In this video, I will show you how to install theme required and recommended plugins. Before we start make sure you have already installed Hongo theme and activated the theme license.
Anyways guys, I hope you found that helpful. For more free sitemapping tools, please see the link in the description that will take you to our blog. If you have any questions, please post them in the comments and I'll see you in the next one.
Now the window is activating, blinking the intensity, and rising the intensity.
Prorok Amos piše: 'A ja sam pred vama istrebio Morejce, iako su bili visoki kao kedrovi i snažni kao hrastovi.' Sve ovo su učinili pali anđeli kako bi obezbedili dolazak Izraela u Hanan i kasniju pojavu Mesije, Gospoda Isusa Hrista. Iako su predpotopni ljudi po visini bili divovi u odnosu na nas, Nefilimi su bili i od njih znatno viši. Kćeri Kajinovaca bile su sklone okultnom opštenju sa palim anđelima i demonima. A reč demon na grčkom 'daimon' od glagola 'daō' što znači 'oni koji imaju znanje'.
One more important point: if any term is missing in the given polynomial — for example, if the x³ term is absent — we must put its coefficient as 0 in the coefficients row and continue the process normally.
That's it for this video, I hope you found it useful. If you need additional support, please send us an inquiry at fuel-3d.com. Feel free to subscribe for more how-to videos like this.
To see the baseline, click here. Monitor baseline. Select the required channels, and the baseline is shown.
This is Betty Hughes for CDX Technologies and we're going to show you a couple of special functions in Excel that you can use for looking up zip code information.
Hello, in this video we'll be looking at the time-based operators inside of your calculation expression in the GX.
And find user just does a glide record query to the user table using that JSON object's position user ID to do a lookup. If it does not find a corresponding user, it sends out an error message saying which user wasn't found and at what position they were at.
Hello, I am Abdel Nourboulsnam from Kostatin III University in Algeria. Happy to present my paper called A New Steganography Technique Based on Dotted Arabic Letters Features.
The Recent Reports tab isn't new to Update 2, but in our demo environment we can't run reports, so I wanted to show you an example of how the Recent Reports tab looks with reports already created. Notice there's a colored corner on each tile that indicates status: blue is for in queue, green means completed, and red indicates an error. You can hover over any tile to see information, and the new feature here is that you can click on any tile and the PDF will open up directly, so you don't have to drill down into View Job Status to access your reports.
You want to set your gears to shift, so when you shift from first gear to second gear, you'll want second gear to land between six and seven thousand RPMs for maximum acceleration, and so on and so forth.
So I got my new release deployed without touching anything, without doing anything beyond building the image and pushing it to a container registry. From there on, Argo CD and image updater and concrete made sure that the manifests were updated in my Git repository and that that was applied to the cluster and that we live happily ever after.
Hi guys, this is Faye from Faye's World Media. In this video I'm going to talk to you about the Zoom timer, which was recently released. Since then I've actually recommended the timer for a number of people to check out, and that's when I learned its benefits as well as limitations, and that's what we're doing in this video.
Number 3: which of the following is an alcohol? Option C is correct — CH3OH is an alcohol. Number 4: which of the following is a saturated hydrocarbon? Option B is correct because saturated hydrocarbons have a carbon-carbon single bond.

# # # # #

* [Instructions for the task] The expected response is the full set of records, reproduced exactly.

* [Exercise output]
In this video, I will show you how to install theme required and recommended plugins. Before we start make sure you have already installed Hongo theme and activated the theme license.
Anyways guys, I hope you found that helpful. For more free sitemapping tools, please see the link in the description that will take you to our blog. If you have any questions, please post them in the comments and I'll see you in the next one.
Now the window is activating, blinking the intensity, and rising the intensity.
Prorok Amos piše: 'A ja sam pred vama istrebio Morejce, iako su bili visoki kao kedrovi i snažni kao hrastovi.' Sve ovo su učinili pali anđeli kako bi obezbedili dolazak Izraela u Hanan i kasniju pojavu Mesije, Gospoda Isusa Hrista. Iako su predpotopni ljudi po visini bili divovi u odnosu na nas, Nefilimi su bili i od njih znatno viši. Kćeri Kajinovaca bile su sklone okultnom opštenju sa palim anđelima i demonima. A reč demon na grčkom 'daimon' od glagola 'daō' što znači 'oni koji imaju znanje'.
One more important point: if any term is missing in the given polynomial — for example, if the x³ term is absent — we must put its coefficient as 0 in the coefficients row and continue the process normally.
That's it for this video, I hope you found it useful. If you need additional support, please send us an inquiry at fuel-3d.com. Feel free to subscribe for more how-to videos like this.
To see the baseline, click here. Monitor baseline. Select the required channels, and the baseline is shown.
This is Betty Hughes for CDX Technologies and we're going to show you a couple of special functions in Excel that you can use for looking up zip code information.
Hello, in this video we'll be looking at the time-based operators inside of your calculation expression in the GX.
And find user just does a glide record query to the user table using that JSON object's position user ID to do a lookup. If it does not find a corresponding user, it sends out an error message saying which user wasn't found and at what position they were at.
Hello, I am Abdel Nourboulsnam from Kostatin III University in Algeria. Happy to present my paper called A New Steganography Technique Based on Dotted Arabic Letters Features.
The Recent Reports tab isn't new to Update 2, but in our demo environment we can't run reports, so I wanted to show you an example of how the Recent Reports tab looks with reports already created. Notice there's a colored corner on each tile that indicates status: blue is for in queue, green means completed, and red indicates an error. You can hover over any tile to see information, and the new feature here is that you can click on any tile and the PDF will open up directly, so you don't have to drill down into View Job Status to access your reports.
You want to set your gears to shift, so when you shift from first gear to second gear, you'll want second gear to land between six and seven thousand RPMs for maximum acceleration, and so on and so forth.
So I got my new release deployed without touching anything, without doing anything beyond building the image and pushing it to a container registry. From there on, Argo CD and image updater and concrete made sure that the manifests were updated in my Git repository and that that was applied to the cluster and that we live happily ever after.
Hi guys, this is Faye from Faye's World Media. In this video I'm going to talk to you about the Zoom timer, which was recently released. Since then I've actually recommended the timer for a number of people to check out, and that's when I learned its benefits as well as limitations, and that's what we're doing in this video.
Number 3: which of the following is an alcohol? Option C is correct — CH3OH is an alcohol. Number 4: which of the following is a saturated hydrocarbon? Option B is correct because saturated hydrocarbons have a carbon-carbon single bond.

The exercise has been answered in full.